Bahrain and Serbia have sought to strengthen diplomatic and business ties over the past year.
In March 2021, Serbian President Aleksandar Vucic visited the Gulf kingdom to promote trade ties and has discussed the launch of a nonstop flight service between the two countries' capitals in order to "significantly improve tourism and business ties".
Last week, the president of Bahrain's National Institution for Human Rights (NIHR), Ali Ahmed al-Derazi, held an online meeting with the Serbian ombudsman, Zoran Pasalic, to discuss "topics of common interest and ways to enhance cooperation in the field of human rights" between Serbian and Bahraini institutions, according to state media in Bahrain.
MEE contacted the Serbian government for comment, but had not received a response at time of publication.
Alwadei also pointed out that the deportation marked the first such incident involving a Bahraini to take place since the election of Ahmed Naser al-Raisi as president of Interpol, a move that was noted with alarm by many human rights campaigners.

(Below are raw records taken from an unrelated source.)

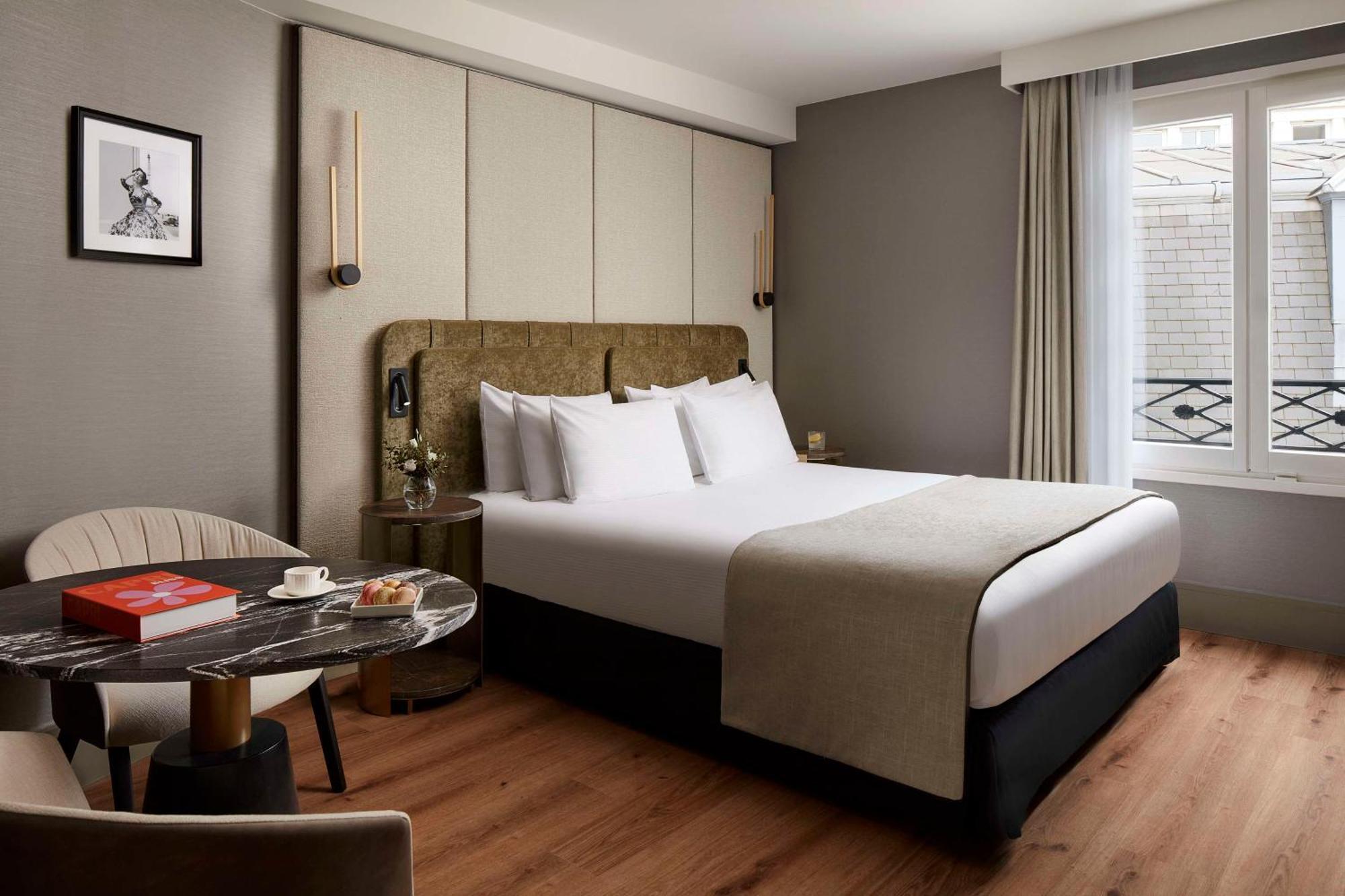 Deluxe Room,1689824408:JPEG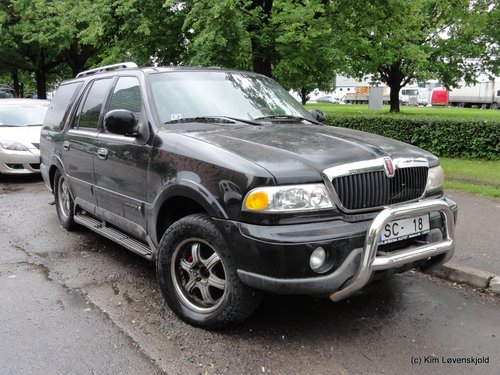 Lincoln Navigator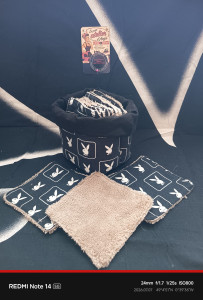 Photo de galerie - Panière et ses 10 lingettes playboy à vendre à 
coton et éponge de bambou 20€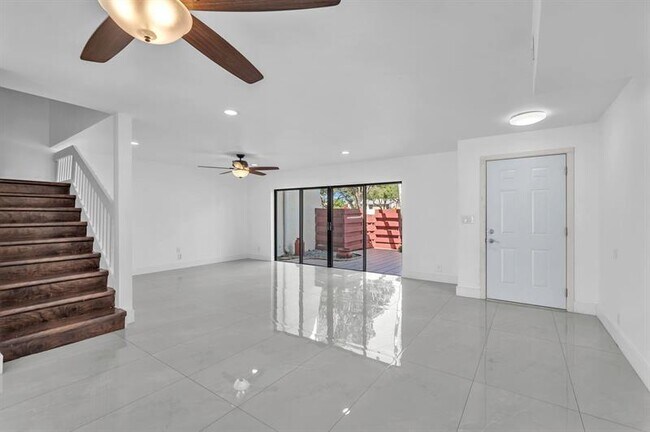 Building Photo - 3896 Meadow Ln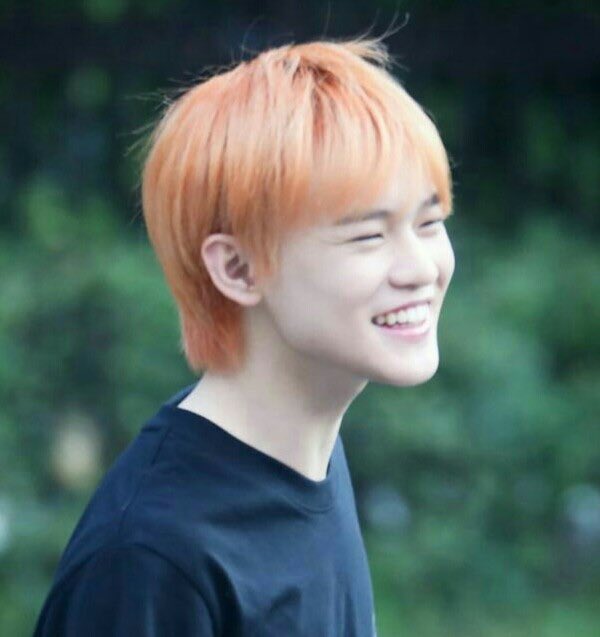 [  #chenle as hinata ]• literal balls of sunshine • always look towards the positive side• don’t take themselves too seriously• but also are extremely dedicated in perfecting their passions• you really can't not love them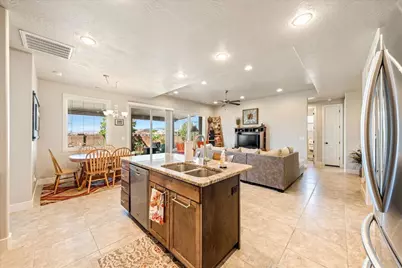 231 N 725 W, Hurricane, UT 84737 - Photo 10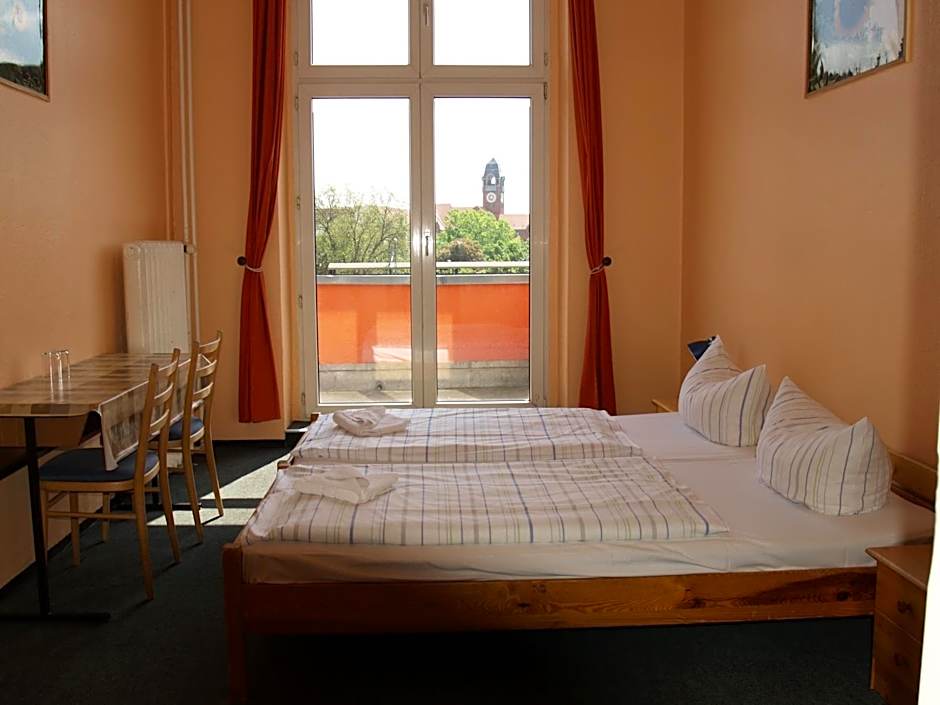 Happy go Lucky Hotel  Hostel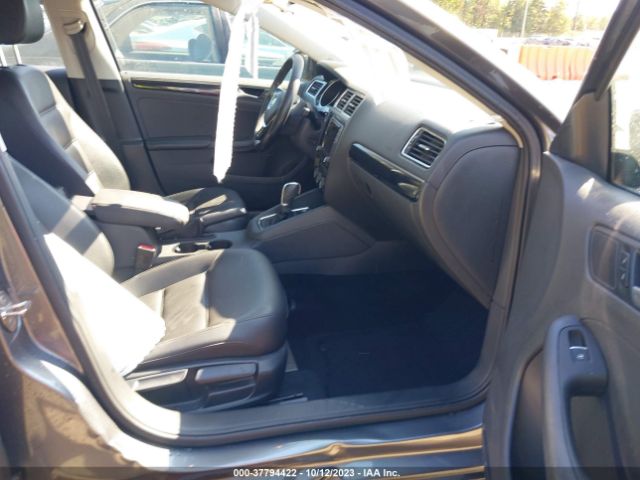 3VWL17AJ9HM413311 Volkswagen Jetta 1.8t Sel/1.8t Sel Premium
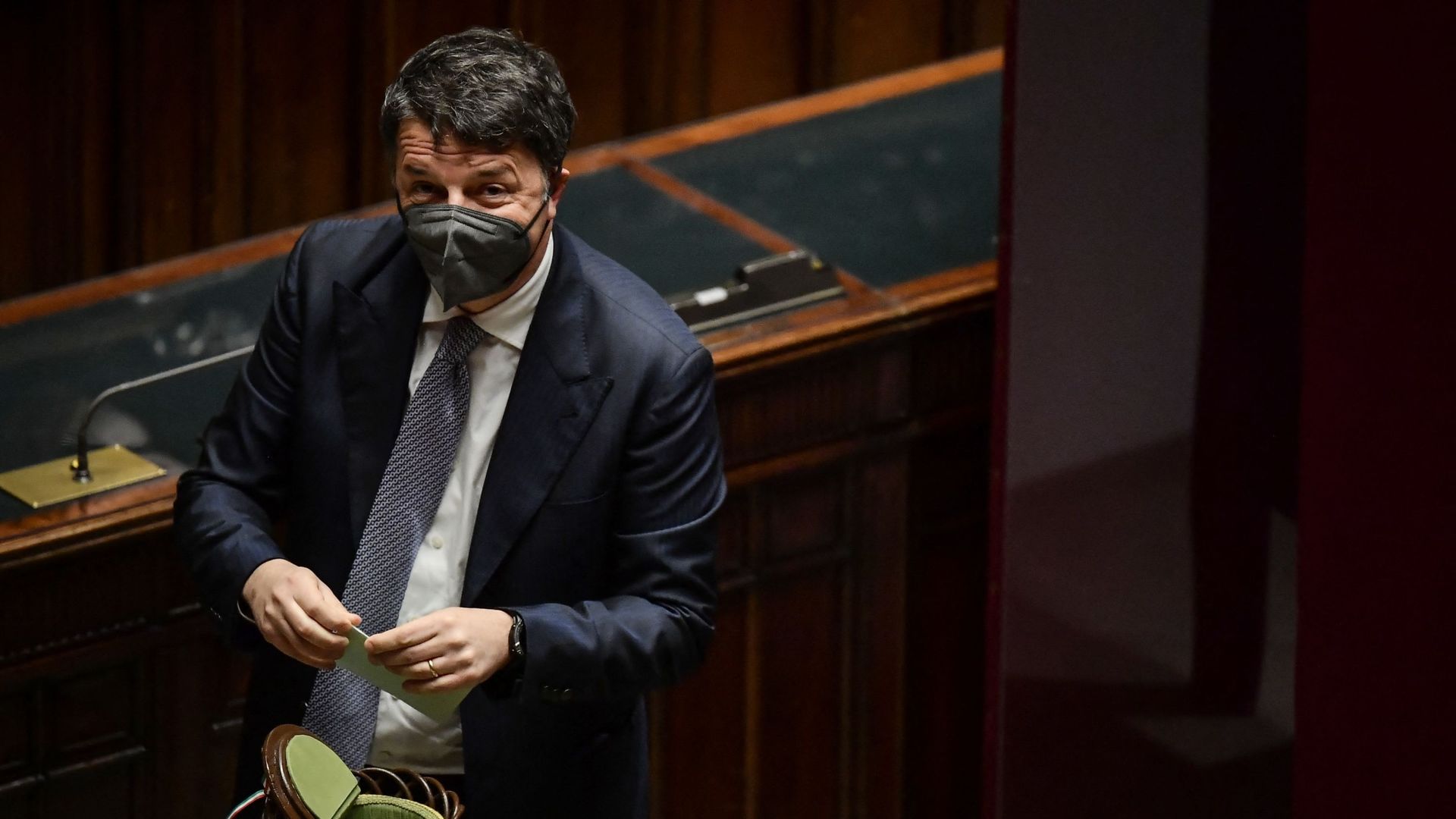 Le législateur italien Matteo Renzi se prépare à voter lors du sixième tour de scrutin pour l'élection du nouveau président de l'Italie, le 28 janvier 2022, au Parlement de Rome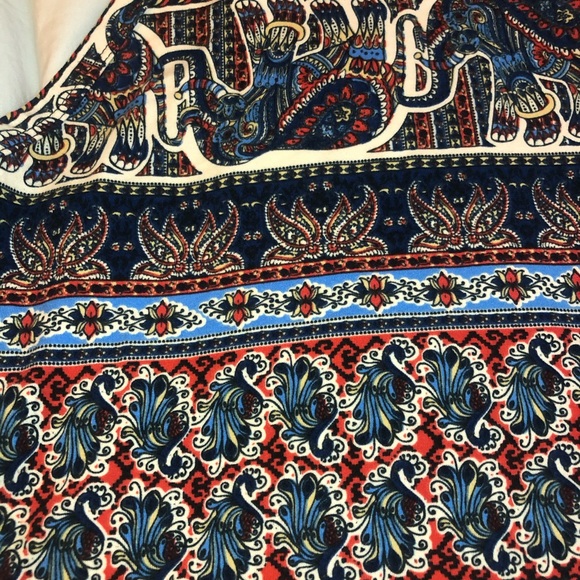 crop top with elefante on them - Picture 5 of 8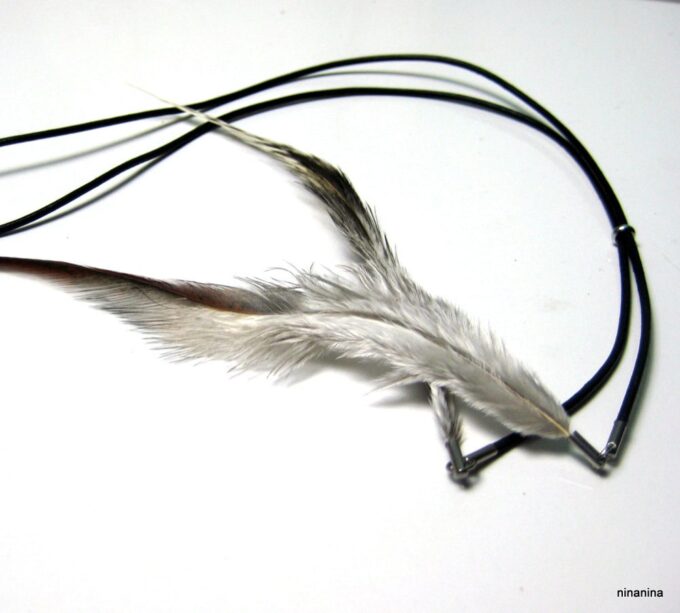 N3818d_collier_cordon_cuir_et_plumes-1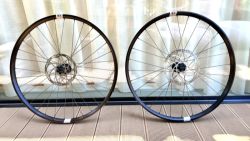 Zapletená kola Crankbrothers Synthesis 29”
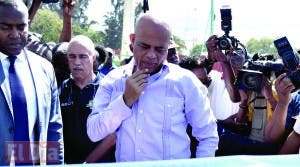 Martelly se despide en Haití sin  sucesor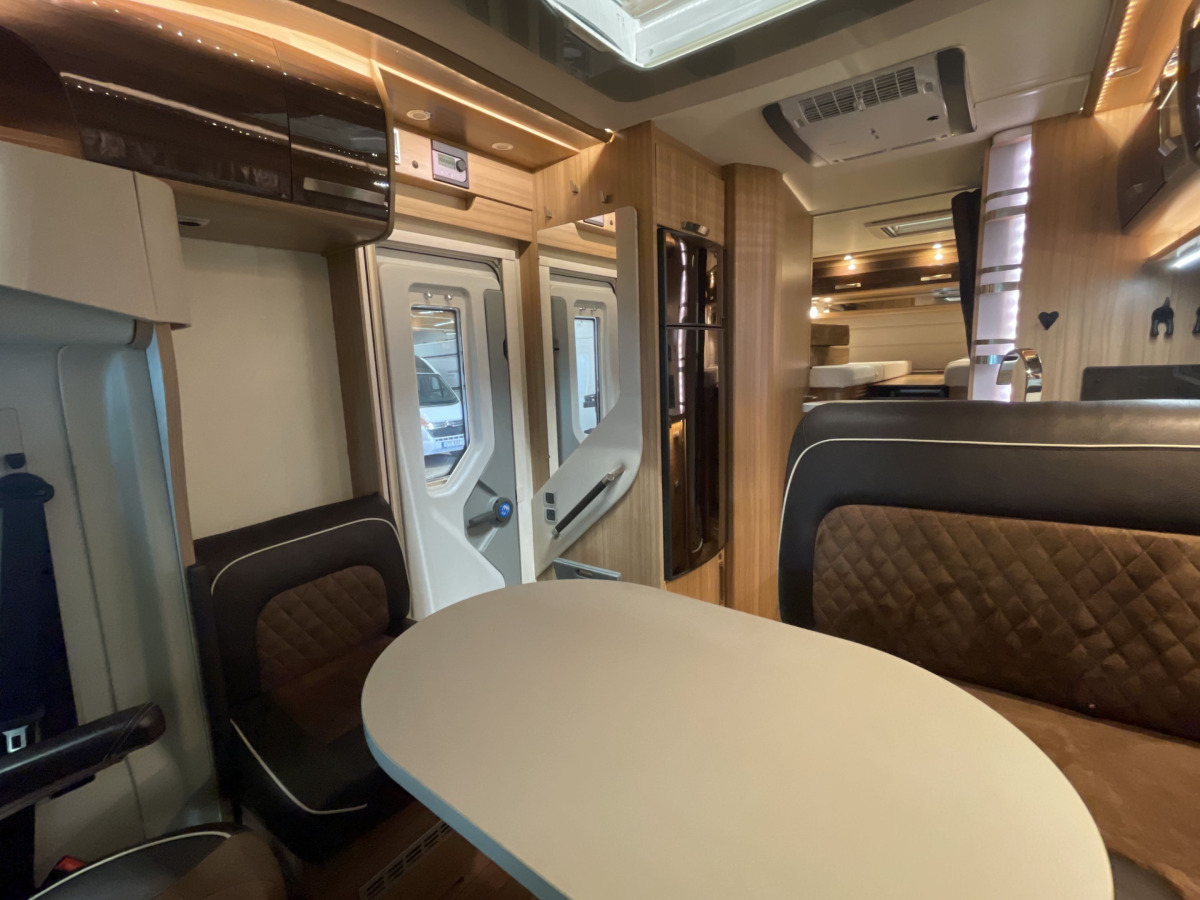 Knaus 700 MEG Platinum Selection, bild 9 av 18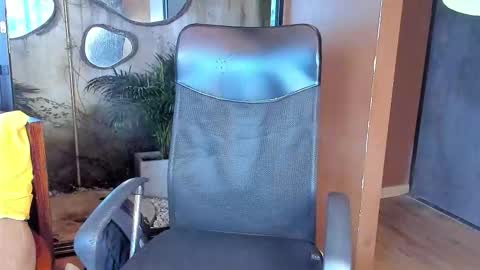 Snapshot of isaac_grimm chatting on 01/17/26, 03:00 isaac_grimm online show from 01/17/26, 03:00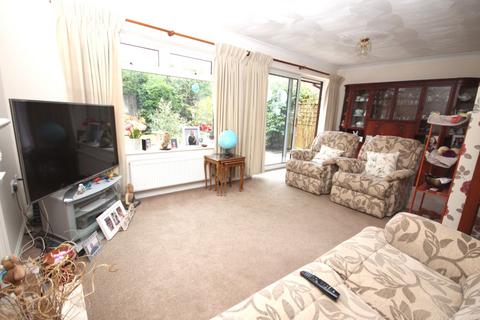 3 bedroom bungalow for sale, Beacon Gardens, Broadstone, Dorset, BH18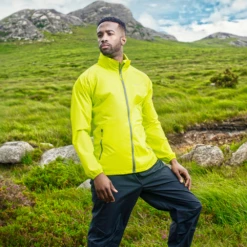 Mac In A Sac Origin Unisex Waterproof 7000mm Packable Jacket 29 Mac In A Sac Origin Unisex Waterproof 7000mm Packable Jacket -Outdoor Gear Lime 7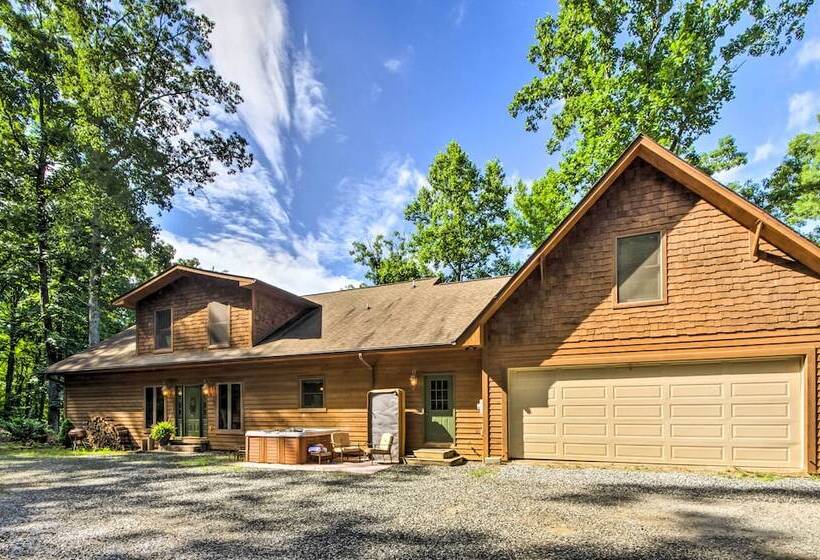 Tryon House W/ Hot Tub Near Equestrian Centers!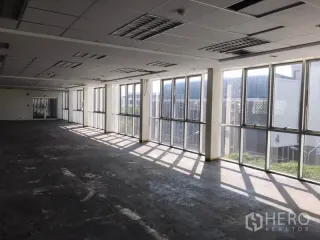 Аренда офис в Щаттхана, Бангкок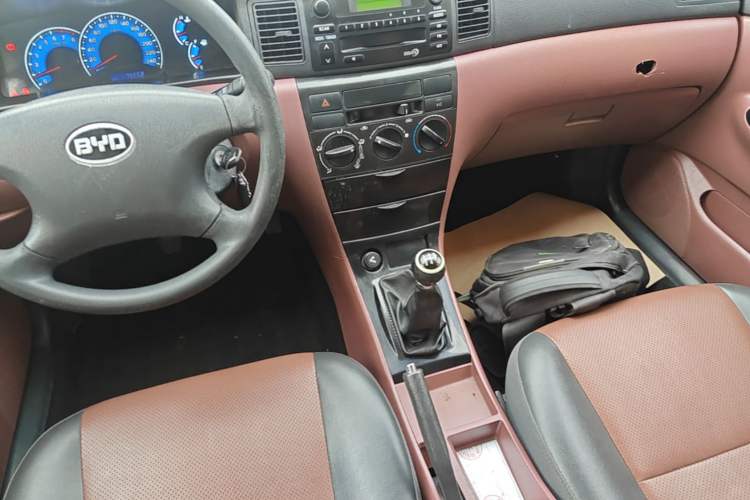 Used BYD F3 2018 1.5L Manual Classic Model Audio And AC Panel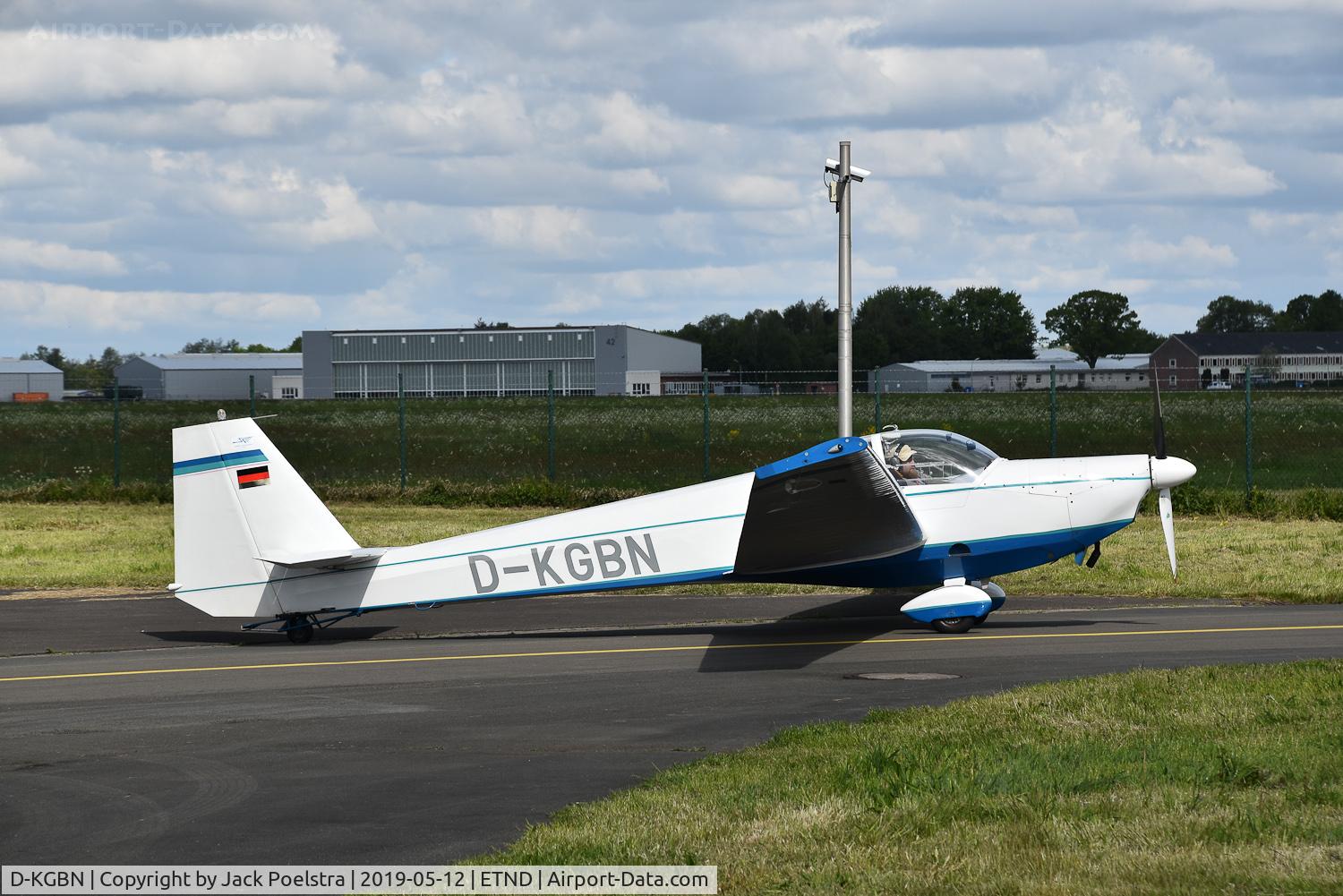 D-KGBN, Scheibe SF-25C/TL Rotax-Falke C/N 44628, Scheibe taxiing at Diepholz airport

Raisi, inspector general of the Ministry of Interior in the UAE, has been accused of having overseen numerous abuses in the Gulf state, including torture, sexual abuse, arbitrary detention and enforced disappearances.
"This misuse of Interpol’s powers is what we feared following Al-Raisi’s election as president and marks the launch of an even darker era governed by authoritarian policing," said Alwadei on Monday.